======== Task data

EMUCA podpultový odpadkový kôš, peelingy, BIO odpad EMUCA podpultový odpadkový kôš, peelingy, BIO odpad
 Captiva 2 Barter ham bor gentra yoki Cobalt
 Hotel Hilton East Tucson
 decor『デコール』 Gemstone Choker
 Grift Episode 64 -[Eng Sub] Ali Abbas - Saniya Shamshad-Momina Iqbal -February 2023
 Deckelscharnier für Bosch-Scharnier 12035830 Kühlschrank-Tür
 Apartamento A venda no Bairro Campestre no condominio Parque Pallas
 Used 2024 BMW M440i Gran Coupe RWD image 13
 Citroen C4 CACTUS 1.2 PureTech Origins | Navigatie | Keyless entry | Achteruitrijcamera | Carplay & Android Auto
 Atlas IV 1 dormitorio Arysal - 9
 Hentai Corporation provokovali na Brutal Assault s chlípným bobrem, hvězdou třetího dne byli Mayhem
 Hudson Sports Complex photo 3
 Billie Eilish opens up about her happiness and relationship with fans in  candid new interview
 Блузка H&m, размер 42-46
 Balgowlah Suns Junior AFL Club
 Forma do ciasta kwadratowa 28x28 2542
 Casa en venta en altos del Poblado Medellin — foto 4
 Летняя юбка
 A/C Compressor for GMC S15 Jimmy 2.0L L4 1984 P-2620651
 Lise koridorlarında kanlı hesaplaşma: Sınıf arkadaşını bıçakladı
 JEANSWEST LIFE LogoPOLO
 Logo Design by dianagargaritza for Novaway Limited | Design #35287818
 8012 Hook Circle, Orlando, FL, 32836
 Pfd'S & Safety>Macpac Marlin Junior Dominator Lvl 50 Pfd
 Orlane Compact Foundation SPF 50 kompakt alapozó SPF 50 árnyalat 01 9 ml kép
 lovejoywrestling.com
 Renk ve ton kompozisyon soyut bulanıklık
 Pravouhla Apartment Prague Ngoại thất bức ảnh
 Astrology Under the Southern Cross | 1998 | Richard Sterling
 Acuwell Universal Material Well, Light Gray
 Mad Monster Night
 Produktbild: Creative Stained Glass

================

Description of the task —
Print every line of the records above without a single difference.

Exercise response —
EMUCA podpultový odpadkový kôš, peelingy, BIO odpad EMUCA podpultový odpadkový kôš, peelingy, BIO odpad
 Captiva 2 Barter ham bor gentra yoki Cobalt
 Hotel Hilton East Tucson
 decor『デコール』 Gemstone Choker
 Grift Episode 64 -[Eng Sub] Ali Abbas - Saniya Shamshad-Momina Iqbal -February 2023
 Deckelscharnier für Bosch-Scharnier 12035830 Kühlschrank-Tür
 Apartamento A venda no Bairro Campestre no condominio Parque Pallas
 Used 2024 BMW M440i Gran Coupe RWD image 13
 Citroen C4 CACTUS 1.2 PureTech Origins | Navigatie | Keyless entry | Achteruitrijcamera | Carplay & Android Auto
 Atlas IV 1 dormitorio Arysal - 9
 Hentai Corporation provokovali na Brutal Assault s chlípným bobrem, hvězdou třetího dne byli Mayhem
 Hudson Sports Complex photo 3
 Billie Eilish opens up about her happiness and relationship with fans in  candid new interview
 Блузка H&m, размер 42-46
 Balgowlah Suns Junior AFL Club
 Forma do ciasta kwadratowa 28x28 2542
 Casa en venta en altos del Poblado Medellin — foto 4
 Летняя юбка
 A/C Compressor for GMC S15 Jimmy 2.0L L4 1984 P-2620651
 Lise koridorlarında kanlı hesaplaşma: Sınıf arkadaşını bıçakladı
 JEANSWEST LIFE LogoPOLO
 Logo Design by dianagargaritza for Novaway Limited | Design #35287818
 8012 Hook Circle, Orlando, FL, 32836
 Pfd'S & Safety>Macpac Marlin Junior Dominator Lvl 50 Pfd
 Orlane Compact Foundation SPF 50 kompakt alapozó SPF 50 árnyalat 01 9 ml kép
 lovejoywrestling.com
 Renk ve ton kompozisyon soyut bulanıklık
 Pravouhla Apartment Prague Ngoại thất bức ảnh
 Astrology Under the Southern Cross | 1998 | Richard Sterling
 Acuwell Universal Material Well, Light Gray
 Mad Monster Night
 Produktbild: Creative Stained Glass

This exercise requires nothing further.